Un demi-siècle avant notre ère, Belshazzar (Balthazar) succède à son père Nebuchadnezzar (Nabuchodonosor) qui a réduit le peuple d’Israël en esclavage. Sa mère, la reine Nitocris, proche du prophète Daniel, s’inquiète de la gradation des blasphèmes, d’autant que les Perses sont aux portes de Babylone. Elle rappelle l’épisode de « la fournaise sept fois rougie » – qu’on retrouve au cœur de la deuxième parabole d’église de Britten [lire notre critique du DVD] – et invite au repentir avant l’effondrement de l’empire. Son fils se moque et ordonne de fêter Sésach, dieu du vin, en usant des coupes sacrées pillées jadis à Jérusalem.
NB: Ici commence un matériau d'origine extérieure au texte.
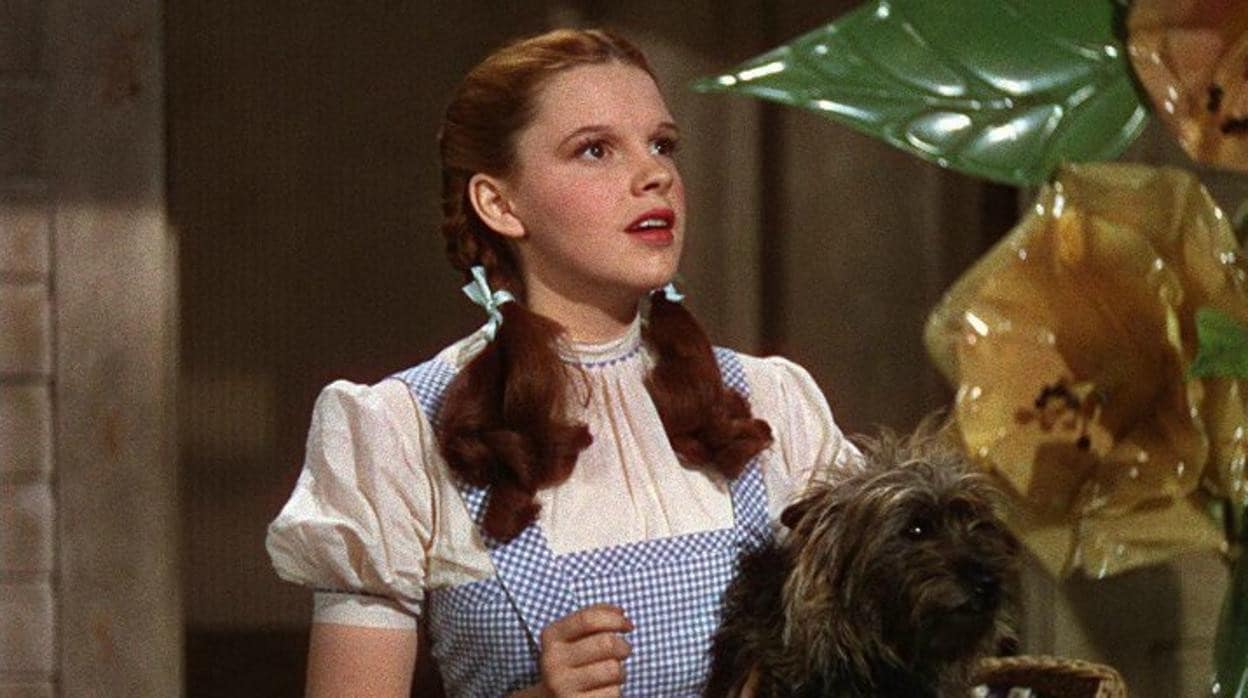 Judy Garland como Dorothy en 'El mago de Oz'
La main de Dieu apparaît alors aux yeux de l’impie, prélude à sa chute.

C’est avec « les plus grandes joies » que Händel, alors plus distant de l’opéra italien, met en musique la pièce « noble » et « singulière » de Charles Jennens avec lequel il collabore pour la cinquième fois depuis Saul (1738) [lire notre critique du CD]. L’oratorio est créé au King’s Theatre de Londres le 27 mars 1745, donnant lieu à seulement seize représentations sur les vingt-quatre prévues. Dans l’espoir de reprises, il corrige plusieurs fois sa partition jusqu’en 1751, se prêtant « à des compromis terribles, mutilant, transposant, sacrifiant son inspiration », comme le regrette Christie. Au moment d’enregistrer, un choix subjectif s’est porté sur « le meilleur parmi les différentes versions » – lesquelles sont évoquées par les signataires variés de la notice.

La distribution réunie est celle qui défendait l’ouvrage sur scène, la veille de l’enregistrement au Conservatoire Maurice Ravel de Levallois-Perret [lire notre chronique du 18 décembre 2012]. Allan Clayton incarne le rôle-titre avec un chant sain, stable et expressif, mordant lors de son appel à l’ivresse. Rosemary Joshua (Nitocris) intervient avec une aisance un peu tremblée. Agile et impactée, le mezzo Caitlin Hulcup apporte une vraie présence au personnage de Cyrus, de même que Iestyn Davies à celui de Daniel, sans jamais forcer sa voix claire, caressante et nuancée. Jonathan Lemalu (Gobrias) s’avère plus poussif, mais ce baryton-basse demeure sonore et d’une belle profondeur. Quant à lui, William Christie unit une fois de plus l’élégance à la fougue.

Cette première livraison du label est un bel objet dans le fond mais encore dans la forme (malgré quelques coquilles dans la reproduction du livret), avec une présentation originale des trois disques dans une pochette à soufflets et la présence d’une brève fiction commandée à Jean Echenoz, intitulée À Babylone et pleine de malice (« Grâce aux sommes obtenues par la vente des belles filles, on dotait largement les moches […] »). Une seconde parution s’annonce déjà pour le printemps prochain : Le jardin de monsieur Rameau, qui célèbre sans doute la disparition du compositeur voilà deux cent cinquante ans.